- _What this task involves_:
The records appear below. Copy each one exactly.

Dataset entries
-- Opening Marker --
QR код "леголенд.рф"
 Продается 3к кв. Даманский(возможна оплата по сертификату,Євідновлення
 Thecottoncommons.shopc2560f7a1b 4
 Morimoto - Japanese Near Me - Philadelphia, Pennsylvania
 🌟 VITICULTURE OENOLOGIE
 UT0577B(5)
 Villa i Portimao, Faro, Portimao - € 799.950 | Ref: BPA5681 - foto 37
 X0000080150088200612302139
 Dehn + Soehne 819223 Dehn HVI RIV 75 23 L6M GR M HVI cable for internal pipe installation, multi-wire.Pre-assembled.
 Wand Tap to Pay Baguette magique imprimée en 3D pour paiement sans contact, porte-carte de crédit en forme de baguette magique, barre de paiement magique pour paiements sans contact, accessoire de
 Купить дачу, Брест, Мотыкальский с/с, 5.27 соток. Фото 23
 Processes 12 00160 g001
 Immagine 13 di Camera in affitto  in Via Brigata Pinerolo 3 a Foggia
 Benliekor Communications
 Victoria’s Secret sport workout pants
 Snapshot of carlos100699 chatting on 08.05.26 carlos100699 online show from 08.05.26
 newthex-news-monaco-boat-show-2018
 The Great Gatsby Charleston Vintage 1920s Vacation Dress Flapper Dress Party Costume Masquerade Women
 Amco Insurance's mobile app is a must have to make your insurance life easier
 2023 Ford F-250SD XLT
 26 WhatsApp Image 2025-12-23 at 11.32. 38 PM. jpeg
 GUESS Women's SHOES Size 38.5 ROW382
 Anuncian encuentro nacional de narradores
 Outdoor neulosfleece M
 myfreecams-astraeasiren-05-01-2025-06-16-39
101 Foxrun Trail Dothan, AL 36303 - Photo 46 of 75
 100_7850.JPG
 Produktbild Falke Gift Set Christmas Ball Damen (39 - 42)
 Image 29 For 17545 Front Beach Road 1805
-- Closing Marker --
- _Final answer_:
QR код "леголенд.рф"
 Продается 3к кв. Даманский(возможна оплата по сертификату,Євідновлення
 Thecottoncommons.shopc2560f7a1b 4
 Morimoto - Japanese Near Me - Philadelphia, Pennsylvania
 🌟 VITICULTURE OENOLOGIE
 UT0577B(5)
 Villa i Portimao, Faro, Portimao - € 799.950 | Ref: BPA5681 - foto 37
 X0000080150088200612302139
 Dehn + Soehne 819223 Dehn HVI RIV 75 23 L6M GR M HVI cable for internal pipe installation, multi-wire.Pre-assembled.
 Wand Tap to Pay Baguette magique imprimée en 3D pour paiement sans contact, porte-carte de crédit en forme de baguette magique, barre de paiement magique pour paiements sans contact, accessoire de
 Купить дачу, Брест, Мотыкальский с/с, 5.27 соток. Фото 23
 Processes 12 00160 g001
 Immagine 13 di Camera in affitto  in Via Brigata Pinerolo 3 a Foggia
 Benliekor Communications
 Victoria’s Secret sport workout pants
 Snapshot of carlos100699 chatting on 08.05.26 carlos100699 online show from 08.05.26
 newthex-news-monaco-boat-show-2018
 The Great Gatsby Charleston Vintage 1920s Vacation Dress Flapper Dress Party Costume Masquerade Women
 Amco Insurance's mobile app is a must have to make your insurance life easier
 2023 Ford F-250SD XLT
 26 WhatsApp Image 2025-12-23 at 11.32. 38 PM. jpeg
 GUESS Women's SHOES Size 38.5 ROW382
 Anuncian encuentro nacional de narradores
 Outdoor neulosfleece M
 myfreecams-astraeasiren-05-01-2025-06-16-39
101 Foxrun Trail Dothan, AL 36303 - Photo 46 of 75
 100_7850.JPG
 Produktbild Falke Gift Set Christmas Ball Damen (39 - 42)
 Image 29 For 17545 Front Beach Road 1805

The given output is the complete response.